Review by: dancingonrain.

Ismae, a seventeen year old girl, escapes her arranged marriage to an abusive man by seeking shelter at the convent of St. Mortian.  Here, the sisters serve the Death God and are trained in his secrets to become assassins, handmaidens of Death.  In order for her to live at the convent, she must learn to destroy the lives of others marked by death.

This leads to her most important assignment at the high court of Brittany, a mission she is heavily under prepared and under experienced for, especially when the convent orders her to deliver Death’s vengeance against the man who has stolen her heart.

Even after I finished reading this book, I still haven’t made my mind up about it.  While there where some entertaining scenes, I also found myself bored at other parts.   This book had been recommended to me by a friend who wanted to know what I thought about it and now that we’ve discussed it, she was in the same boat as me.

While this book was fairly predictable and I think had too much of a happy-esque ending that didn’t seem all that realistic, it still did have its suspenseful moments.  But despite that, some of the prose brought me out of the story, especially some of the dialogue.  I realize this is set in an earlier time, but while I was reading, I couldn’t help but feel like normal people wouldn’t talk like that.  It wouldn’t have been as big of a deal if the older dialogue and prose had been consistent, but it wasn’t, which made it feel choppy whenever it used dialogue that didn’t seem realistic.

While this book wasn’t particularly my cup of tea, I’m sure there is someone out there who would enjoy it.  My advice would be to sit down and read it at a store or library before you decide to purchase it.  I’m not sure if I’d buy the second book in this series, but I may read it at a library or a store if I had free time, but it probably wouldn’t be any time soon.

A Different Kind of Daughter: The Girl Who Hid from the Taliban in Plain Sight by Maria Toorpakai with Katharine Holstein Book Review

Review by: dancingonrain

Maria Toorpakai was born a girl, but raised as a boy (Genghis Khan) in order to have a freer life and not be restricted to the lack of freedom women had in the Middle East.  Her secret was eventually discovered and she had to figure out if she wanted to hide her true self in order to keep everyone she cares about safe or if she wanted to be who she is despite the inevitable consequences.

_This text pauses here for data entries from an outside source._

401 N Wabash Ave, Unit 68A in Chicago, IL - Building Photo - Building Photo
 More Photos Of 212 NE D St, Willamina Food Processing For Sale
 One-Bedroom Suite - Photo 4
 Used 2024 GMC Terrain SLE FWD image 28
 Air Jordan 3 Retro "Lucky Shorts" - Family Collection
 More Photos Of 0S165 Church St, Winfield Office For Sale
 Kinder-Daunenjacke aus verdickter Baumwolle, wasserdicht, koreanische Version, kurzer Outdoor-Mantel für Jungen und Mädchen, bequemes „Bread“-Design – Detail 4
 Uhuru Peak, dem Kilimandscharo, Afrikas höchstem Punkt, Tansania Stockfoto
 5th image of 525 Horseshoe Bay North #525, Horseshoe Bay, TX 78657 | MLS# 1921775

I’m normally more of a fantasy/adventure junkie and can’t stand anything written about the “real world,” but I was trying to broaden the genres I read.  This book seemed as good as any to start and I must say that I did enjoy it overall.

While a good part of the beginning was backstory and I lost interest through pages and pages of it, but this was also more of a personal preference rather than a book flaw.  I personally would have much rather seen more about her story with squash since that seemed like her true passion and that it presented problems for girls in Middle East.  While the book definitely spent a good amount of time on this topic, I think I would have loved if it had expanded on her and her love of the sport despite harassment more rather than the backstory of moving from place to place.  Still, I did like the book despite my preferences.

I thought this book did a great job with characterizing Maria/Genghis.  I didn’t know if that was intentional or not, but one part of the backstory that was useful was we got to see what a scrapper she was and while I would have preferred the prose showed it more rather than told it, I still thought it was presented successfully.

One aspect of this book that I thought was well done was it showed me just how bad life for anyone living there at the time was and even now.  I always knew it was hard for the people living there with the Taliban, but now I have a little more insight into it and from the perspective from someone who actually lived there and not just what the U.S. news decided to tell (or not tell) you.

And despite the fact that I’m not a religious person, I did enjoy the philosophical discussions Maria/Genghis had about religion and other aspects with her father.

Overall, while this genre is not my usual cup of tea and some of the excessive background story detached me from the story on occasion, I still enjoyed this novel of one girl’s struggles and who ultimately perseveres in the end.